▸ **Work to be completed**:
Produce a verbatim transcription of the records below, beginning at the line containing "前面道路は閑静な住宅地をはし" and ending at the final line; include only those lines.

Records contained in a dataset:
○ ○ ○ ○

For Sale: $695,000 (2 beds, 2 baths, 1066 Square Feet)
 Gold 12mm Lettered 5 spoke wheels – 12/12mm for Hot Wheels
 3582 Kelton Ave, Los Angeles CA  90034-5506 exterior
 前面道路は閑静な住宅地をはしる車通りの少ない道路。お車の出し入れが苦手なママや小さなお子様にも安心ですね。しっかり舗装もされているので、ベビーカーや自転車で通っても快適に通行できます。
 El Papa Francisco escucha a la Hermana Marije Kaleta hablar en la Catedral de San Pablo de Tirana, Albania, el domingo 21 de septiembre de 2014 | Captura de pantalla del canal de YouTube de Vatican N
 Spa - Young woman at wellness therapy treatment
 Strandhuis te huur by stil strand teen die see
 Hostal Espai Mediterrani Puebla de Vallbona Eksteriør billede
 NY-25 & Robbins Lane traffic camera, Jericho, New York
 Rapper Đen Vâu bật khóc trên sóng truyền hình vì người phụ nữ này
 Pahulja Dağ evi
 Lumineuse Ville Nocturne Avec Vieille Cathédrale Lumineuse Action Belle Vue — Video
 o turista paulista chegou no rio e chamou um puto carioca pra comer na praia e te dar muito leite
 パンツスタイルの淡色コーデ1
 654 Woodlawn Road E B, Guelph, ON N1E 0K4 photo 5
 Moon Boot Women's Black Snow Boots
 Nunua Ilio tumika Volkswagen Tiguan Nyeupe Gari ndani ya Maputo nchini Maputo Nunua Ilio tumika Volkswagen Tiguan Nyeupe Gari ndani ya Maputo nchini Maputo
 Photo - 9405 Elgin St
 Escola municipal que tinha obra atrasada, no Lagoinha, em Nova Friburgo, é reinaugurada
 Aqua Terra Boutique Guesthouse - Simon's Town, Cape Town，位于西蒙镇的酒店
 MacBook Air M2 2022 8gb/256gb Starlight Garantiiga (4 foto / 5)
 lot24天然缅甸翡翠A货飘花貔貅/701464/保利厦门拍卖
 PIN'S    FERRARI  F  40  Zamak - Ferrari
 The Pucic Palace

○ ○ ○ ○

▸ **Solution**:
 前面道路は閑静な住宅地をはしる車通りの少ない道路。お車の出し入れが苦手なママや小さなお子様にも安心ですね。しっかり舗装もされているので、ベビーカーや自転車で通っても快適に通行できます。
 El Papa Francisco escucha a la Hermana Marije Kaleta hablar en la Catedral de San Pablo de Tirana, Albania, el domingo 21 de septiembre de 2014 | Captura de pantalla del canal de YouTube de Vatican N
 Spa - Young woman at wellness therapy treatment
 Strandhuis te huur by stil strand teen die see
 Hostal Espai Mediterrani Puebla de Vallbona Eksteriør billede
 NY-25 & Robbins Lane traffic camera, Jericho, New York
 Rapper Đen Vâu bật khóc trên sóng truyền hình vì người phụ nữ này
 Pahulja Dağ evi
 Lumineuse Ville Nocturne Avec Vieille Cathédrale Lumineuse Action Belle Vue — Video
 o turista paulista chegou no rio e chamou um puto carioca pra comer na praia e te dar muito leite
 パンツスタイルの淡色コーデ1
 654 Woodlawn Road E B, Guelph, ON N1E 0K4 photo 5
 Moon Boot Women's Black Snow Boots
 Nunua Ilio tumika Volkswagen Tiguan Nyeupe Gari ndani ya Maputo nchini Maputo Nunua Ilio tumika Volkswagen Tiguan Nyeupe Gari ndani ya Maputo nchini Maputo
 Photo - 9405 Elgin St
 Escola municipal que tinha obra atrasada, no Lagoinha, em Nova Friburgo, é reinaugurada
 Aqua Terra Boutique Guesthouse - Simon's Town, Cape Town，位于西蒙镇的酒店
 MacBook Air M2 2022 8gb/256gb Starlight Garantiiga (4 foto / 5)
 lot24天然缅甸翡翠A货飘花貔貅/701464/保利厦门拍卖
 PIN'S    FERRARI  F  40  Zamak - Ferrari
 The Pucic Palace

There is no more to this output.